It’s not uncommon to hear Christians talk about cultural engagement. Our understanding of such a dynamic usually resides in the arena of what are called culture wars. There’s something harmful in the culture, and we go to work to combat it. Abortion would be a good example; we war against it, as well we should. At the same time, we should also recognize that cultural engagement is not only about what we’re against.
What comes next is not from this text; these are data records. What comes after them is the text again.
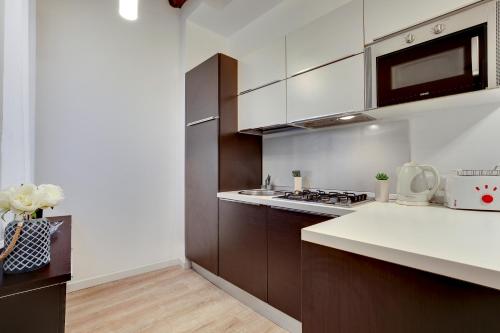 One-Bedroom Apartment image 6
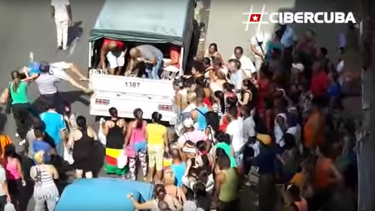 fuerte operativo policial contra cuentapropistas en la calle monte en la habana, cuba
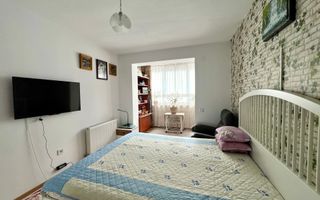 Apartament trei camere / Parcare / Zona Florilor - Poză 4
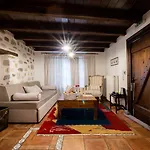 Hotel Archontiko Naoumidi 4*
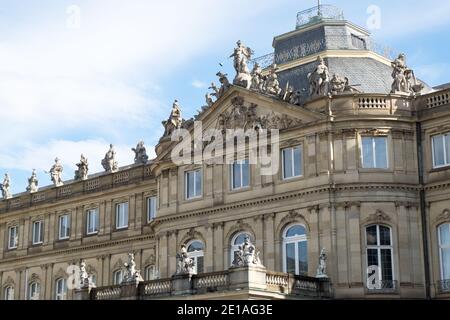 Das Neue Schloss, das am Schlossplatz in Stuttgart steht Stockfoto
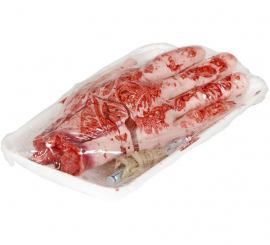 Mão sangrenta e mutilada em uma bandeja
The question of how we believers should relate to culture, the culture in which God has placed us – for a reason – is not new. In his seminal work Christ and Culture, H. Richard Niebuhr highlighted five possibilities. The first he called “Christ against Culture,” illustrated in the abortion issue above. Generally speaking, in this view, Christians live in opposition to culture. The second view is “Christ of Culture.” Here, Christians submit their understanding of Christ to the values and attitudes of culture. Third is “Christ above Culture,” a view in which both the Lord and culture are taken seriously. However, a compartmentalization routinely takes place. Faith is often divorced from everyday life. Niebuhr called the fourth view “Christ and Culture in Paradox.” Here, the kingdom and the culture exist along side one another, and Christians seek to be faithful to their respective roles. One must submit to both without sinning against God. Fifth, “Christ is the Transformer of Culture.” Here, cultural realities, goods, and structures can be restored or redeemed by Christ. All areas of life are submitted to Christ and transformed for His glory.
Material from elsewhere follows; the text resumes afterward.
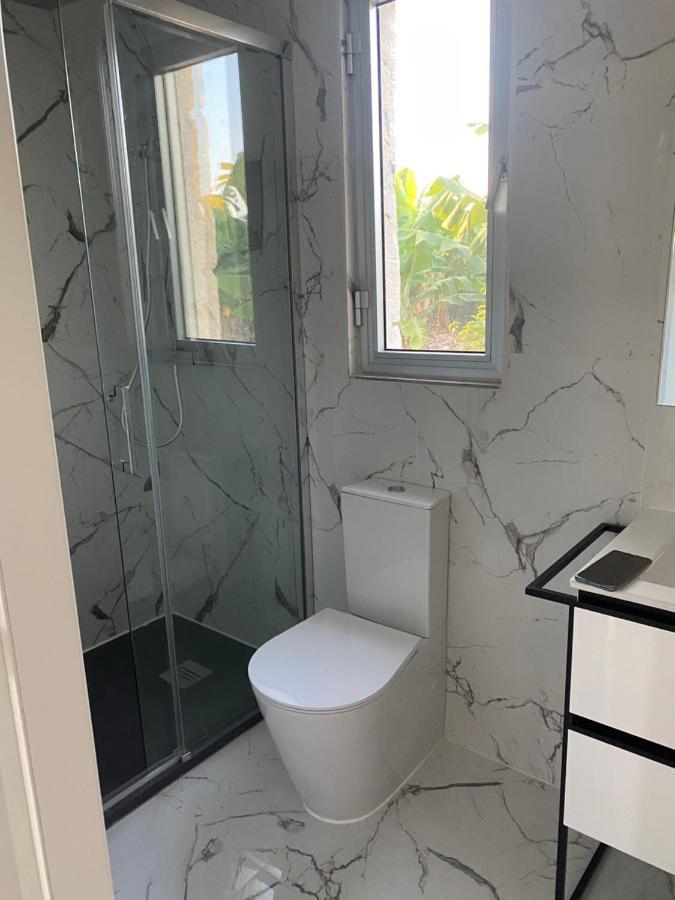 Ammos Luxury Suits And Residences Peyia Esterno foto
Certainly, one may see truth in each of these positions. And surely, we all agree that Christ is indeed the transformer of culture, as He transforms persons who then play their part in the dominion mandate (subdue the earth), the cultural mandate (salt and light), and the Great Commission (make disciples). And yet, culture is not static. It’s not static when we transform it. Neither is it static when we add to it. Yes, we’re born into an existing culture, but it’s an ever-changing culture, not just through transformation, but through the creation of new culture.

God has called us to be culture engagers and culture transformers, but He’s also called us to be culture makers. Building on work by Ken Meyers, Andy Crouch unfolded this concept in his book — cleverly entitled – Culture Making. Cultural goods that are bad should be eliminated or transformed. Those that are good should be preserved. But Christians should also strive to create new cultural goods that glorify God and benefit others for the sake of the gospel. We image forth God in that endeavor, as we do in others. We put His creatorship on display. Cultivation yes, but also creativity is part of the dominion mandate. Creativity is also part of the cultural mandate and even the Great Commission. In one sense, new creatures in Christ are new cultural goods just as new objects, new methods, and new modes are new cultural goods as well.

It’s good to help a man who’s been beaten and left on the side of the road as did the Good Samaritan. It’s also good to build hospitals as certain Christians have done. And it’s good to serve in the name of Christ in those hospitals. These are seminal thoughts as we seek to take every thought captive in obedience to Christ.